From the data below, return the exact lines starting at the line containing "Building Photo - 261 Pinnacle Ridge Dr" and ending at the line containing "4th image of 1229-A Century Oaks Dr", both included, and nothing else.

(Web page caption snippets)
********************

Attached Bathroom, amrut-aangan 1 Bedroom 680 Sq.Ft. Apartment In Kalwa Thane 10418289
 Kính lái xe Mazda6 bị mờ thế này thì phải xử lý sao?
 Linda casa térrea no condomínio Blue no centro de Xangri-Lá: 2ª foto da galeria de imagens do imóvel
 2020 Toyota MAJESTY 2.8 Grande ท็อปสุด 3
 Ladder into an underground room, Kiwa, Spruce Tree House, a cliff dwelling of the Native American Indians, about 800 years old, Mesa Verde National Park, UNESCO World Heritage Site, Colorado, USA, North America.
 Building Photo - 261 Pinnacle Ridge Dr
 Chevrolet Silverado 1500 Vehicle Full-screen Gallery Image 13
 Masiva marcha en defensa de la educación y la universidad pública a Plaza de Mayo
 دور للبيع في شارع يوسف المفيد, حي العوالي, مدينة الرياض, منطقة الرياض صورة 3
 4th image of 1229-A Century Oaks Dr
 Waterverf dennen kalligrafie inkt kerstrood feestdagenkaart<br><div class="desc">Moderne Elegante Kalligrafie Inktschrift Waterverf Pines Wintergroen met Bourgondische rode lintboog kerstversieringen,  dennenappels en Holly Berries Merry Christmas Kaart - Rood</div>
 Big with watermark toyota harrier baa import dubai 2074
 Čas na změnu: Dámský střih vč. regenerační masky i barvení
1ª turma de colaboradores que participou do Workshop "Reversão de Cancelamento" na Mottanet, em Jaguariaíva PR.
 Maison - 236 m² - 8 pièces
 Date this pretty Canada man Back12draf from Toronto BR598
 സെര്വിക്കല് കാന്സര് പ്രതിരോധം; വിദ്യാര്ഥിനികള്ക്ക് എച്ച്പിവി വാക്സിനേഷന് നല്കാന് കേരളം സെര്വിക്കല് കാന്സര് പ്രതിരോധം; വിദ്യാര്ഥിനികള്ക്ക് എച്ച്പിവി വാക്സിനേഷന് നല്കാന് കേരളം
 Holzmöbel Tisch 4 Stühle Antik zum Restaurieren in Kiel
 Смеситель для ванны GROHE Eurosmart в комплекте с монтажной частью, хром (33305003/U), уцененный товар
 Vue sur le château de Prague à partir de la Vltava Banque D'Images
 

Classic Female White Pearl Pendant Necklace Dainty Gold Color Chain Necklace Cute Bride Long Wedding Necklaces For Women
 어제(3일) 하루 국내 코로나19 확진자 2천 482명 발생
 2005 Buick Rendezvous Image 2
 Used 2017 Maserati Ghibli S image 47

********************

**Response below**
 Building Photo - 261 Pinnacle Ridge Dr
 Chevrolet Silverado 1500 Vehicle Full-screen Gallery Image 13
 Masiva marcha en defensa de la educación y la universidad pública a Plaza de Mayo
 دور للبيع في شارع يوسف المفيد, حي العوالي, مدينة الرياض, منطقة الرياض صورة 3
 4th image of 1229-A Century Oaks Dr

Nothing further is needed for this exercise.